Stun exhausts a unit immediately and prevents it from readying at the start of its controller's next turn. That's identical to Magic's unnamed super-tap mechanic, until you look at how it interacts with endurance. A creature with endurance can never be exhausted or stunned by an enemy effect—You can't even ask Xulta ExileHarmless Question to break its aegis. Additionally, you can undo a stun effect at any time by giving a unit endurance.
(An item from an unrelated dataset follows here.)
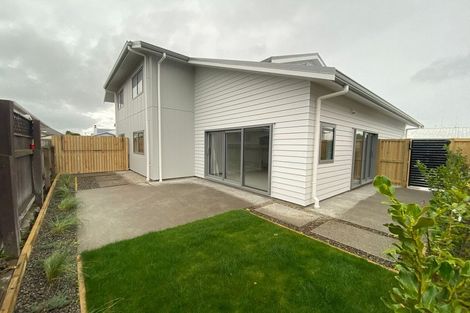 Photo of property in 16 Martin Street, Palmerston North, 4414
Playing Reinvigorate or Stalwart Shield on a unit will not just counter but destroy a Permafrost attached to it. (Less intuitively, simply readying your unit with a Sandspout Mirage will do nothing to stun effects on it.)

The difference between Harmless Question and Permafrost is neat, by the way: Stun can be a one-time temporary effect, or ongoing as long as the stunning card survives, as on Ice Sprite.

This design decision gives players a counter to stun-heavy strategies: I'm sideboarding Infinite Hourglass for you, Permafrost and Icebreaker. The choice is not without downsides, as this complicates things slightly and endurance doesn't really have a weakness (where I can totally Twiddle a Serra Angel in Magic). Most endurance units aren't a big problem, but I can't not mention one of the strongest cards in the game, Sandstorm Titan, and how it shuts down games all on its own, just as an undercosted Skysnare Spider would.

There is one card that preys on endurance, and they just gave it an upgrade so that it also preys on lifesteal units: Ankle Cutter. I still don't know any relevant decks that run it (even Oni tribal). But again, except for the titan (which still dies to Annihilate, Vanquish, and most good removal above Torch) it's not like endurance units are ubiquitous and slowing a lot of games down.

Endurance and stun aren't a huge facet of the game, but they are common and significant. The only tweak I'd suggest is making ready effects interact with stun effects too.

2 comments:

  1. Another wrinkle of stun: You can stun a unit after it attacks to remove it from combat. In Magic, you've got to tap a creature before it attacks, and this is a bit more intuitive (if you're not used to Magic).